I don't think that skipping transformation based on 
content_length_n is a correct behaviour.

1) There are more than one way to represent empty response, and 
content_length_n == 0 is just one of them.

2) And the empty response is just another case of malformed input, 
I see no reason to handle this specially.
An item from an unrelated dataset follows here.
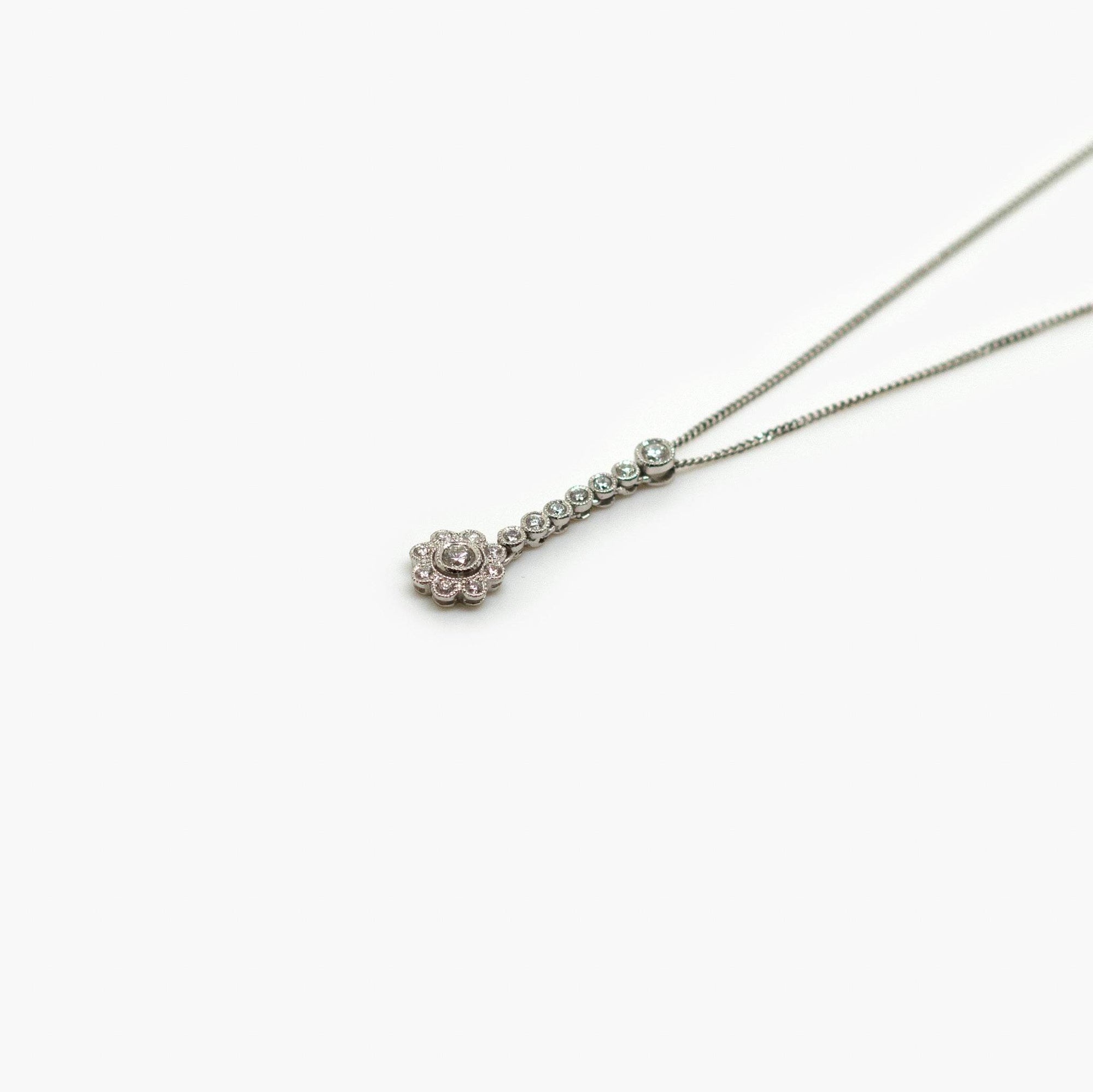 18 Carat White Gold Diamond Daisy Cluster Pendant Necklace - Jordans Jewellers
> changeset:   669:9487b3a0e3ff
> user:        Laurence Rowe <laurence at lrowe.co.uk>
> date:        Fri Mar 09 21:01:25 2012 +0000
> summary:     Use xmlCtxtUseOptions to set options.
> 
> This changeset moves most option setting to the xmlCtxtUseOptions
> (foundational to next commit.)

This doesn't produce identical ctxt->loadsubset, and hence need 
more details.  I tend to think the current code is wrong and 
your's is ok, though it would be good to see confirmation.
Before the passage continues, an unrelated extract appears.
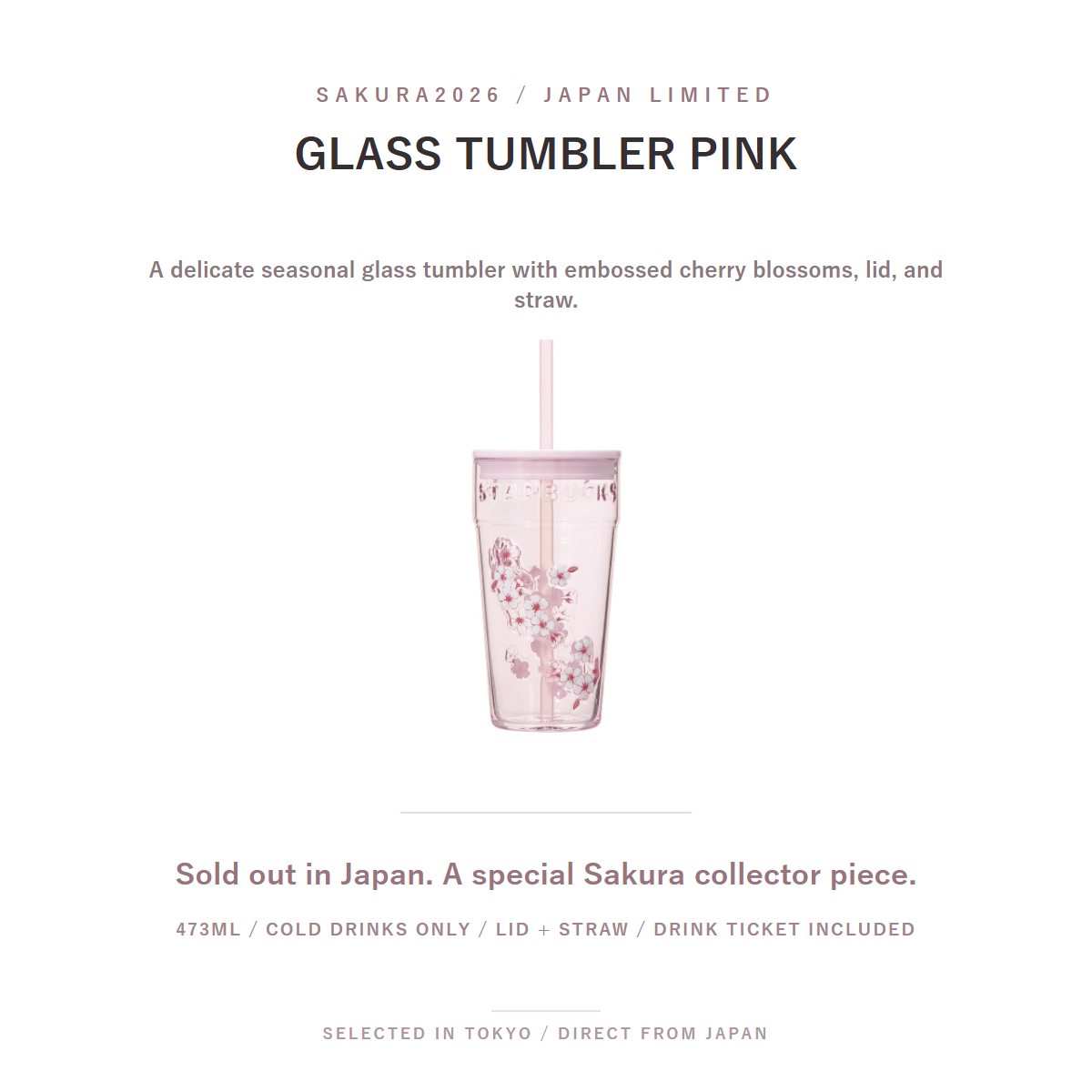 Starbucks SAKURA2026 Glass Tumbler Pink 473mL collector feature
(Additionally, there is a style issue in this patch.)

> changeset:   670:c8349ca87381
> user:        Laurence Rowe <laurence at lrowe.co.uk>
> date:        Fri Mar 09 21:08:18 2012 +0000
> summary:     XML_PARSE_COMPACT to save memory
> 
> We can use XML_PARSE_COMPACT as the parsed input document is not
> modified (XSLT creates a new result document.)
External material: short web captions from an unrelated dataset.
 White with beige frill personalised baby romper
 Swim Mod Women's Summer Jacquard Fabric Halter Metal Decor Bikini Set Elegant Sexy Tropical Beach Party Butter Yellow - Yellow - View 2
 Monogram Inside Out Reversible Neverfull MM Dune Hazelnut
Is it supported in libxml2 versions used by various OSes now?  It 
appeared relatively recently, in libxml2 2.6.21, and if some OSes 
still use older versions by default - this may need configure 
test.

Another question to consider - is it actually safe to use?  Note 
that nginx does modify input document to provide DTDs.

It would be also cool to see some stats on real world memory usage 
with and without this option set.

> changeset:   671:7145bd8cc1e2
> tag:         tip
> user:        Laurence Rowe <laurence at lrowe.co.uk>
> date:        Fri Mar 09 21:47:46 2012 +0000
> summary:     xslt_html_parser
> 
> This changeset adds the ``xslt_html_parser`` directive and uses the
> HTMLParser when it is set. HTML parsing is performed with
> HTML_PARSE_RECOVER as real-world HTML may not be well formed, error
> handling is thus disabled when this option is set.

I in general like the feature, though I tend to think this patch 
needs more polishing.  In no particular order:

1) Hardcoded "utf-8" charset detection scares me.

2) The are no error handling for html code, and while it's 
probably ok to ignore parsing problems - it's certainly not ok to 
ignore fatal problems like memory allocation ones.  

3) DTD and entities handling needs clarification.

Maxim Dounin

p.s. You may want to use patchbomb mercurial extension (hg email) 
to submit patches.